Сентельес и мой господин отправились в сопровождении дона Альвара к Грегорио де Нориега. Я с Мохиконом пошел туда же, радостно предвкушая возможность полакомиться на даровщинку и надеясь со своей стороны пособить разорению выскочки. Придя в дом, мы увидели несколько человек, занятых приготовлением обеда, причем дымок, исходивший от рагу, щекоча обоняние, предвещал не меньшее удовольствие и для нёба. Маркиз Дзенет-то и дон Хуан де Монкада только что прибыли. Хозяин дома показался мне большим балбесом. Он тщетно пытался разыгрывать из себя петиметра. Но это была прескверная копия с блестящего оригинала, или, говоря проще, он походил на дурака, корчащего из себя развязного сеньора. Представьте себе человека такого склада среди пяти насмешников, у которых только и было на уме, что поиздеваться над ним и ввести его в большие расходы.

– Сеньоры, – сказал дон Альвар после первых учтивостей, – рекомендую вам сеньора Грегорио де Нориега, как одного из самых достойных кавалеров. Он обладает множеством прекрасных качеств. Ведомо ли вам, что он человек весьма образованный? Выбирайте любую науку: он одинаково силен во всех областях, начиная от самой тонкой и строгой логики до орфографии.

– Право, вы мне слишком льстите, – прервал его мещанин с принужденным смехом, – я мог бы, сеньор Альвар, вернуть вам ваш комплимент. Вы сами являетесь тем, что принято называть кладезем премудрости.

– Я не имел намерения напрашиваться на столь остроумную похвалу, – возразил дон Альвар. – Смею вас, однако, уверить, сеньоры, – добавил он, – что наш хозяин не преминет составить себе имя в свете.

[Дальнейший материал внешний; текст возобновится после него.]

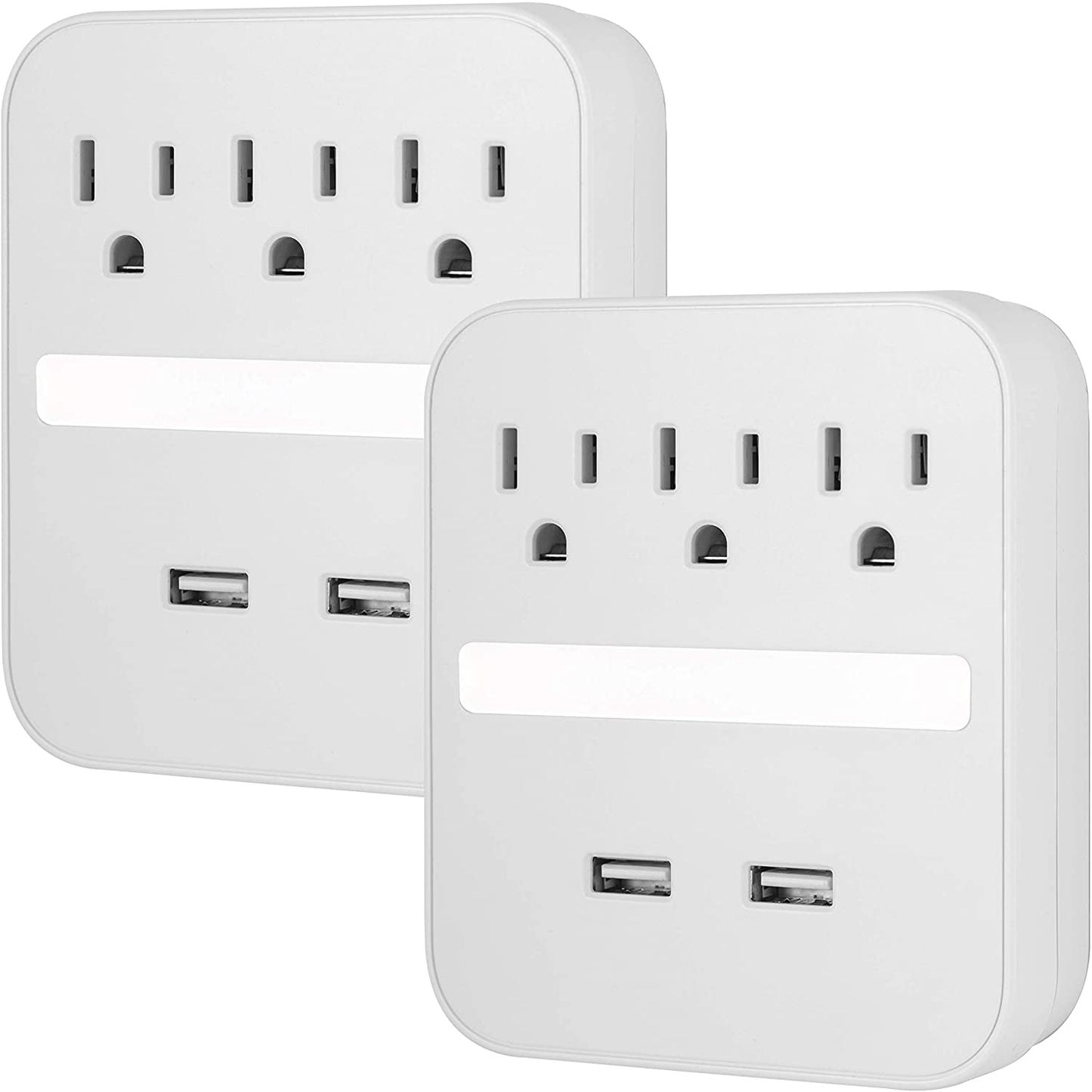 GE Pro USB-Charging Surge Protector Tap with Light, White, 2pk â€“ 50049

– Что касается меня, – заметил дон Антонио, – то мне больше всего нравится в нем – и я ставлю это выше орфографии – его умение выбирать лиц, с которыми он ведет знакомство. Вместо того чтобы ограничиться общением с мещанами, он предпочитает молодых сеньоров, не считаясь с тем, во что это ему обойдется. В этом есть известная возвышенность чувств, которая меня восхищает. Вот что называется тратить деньги со вкусом и разбором.

За этими язвительными замечаниями последовало множество других в том же духе. Бедного Грегорио отделали на все корки. Петиметры один за другим осыпали его стрелами своих насмешек, но наш болван даже не ощущал этих уколов; напротив, он верил всему, что они говорили, и был, казалось, весьма доволен своими сотрапезниками, принимая их издевательства за великую честь. Одним словом, он служил им игрушкой все время, пока они сидели за столом, а это продолжалось весь день и всю ночь.

Мы с Мохиконом выпили так же основательно, как и наши господа, и когда мы выходили от мещанина, то и лакеи и сеньоры были пьяны в стельку.

70

Кадриль — группа из четырех всадников, участвующих с турнире или карусели.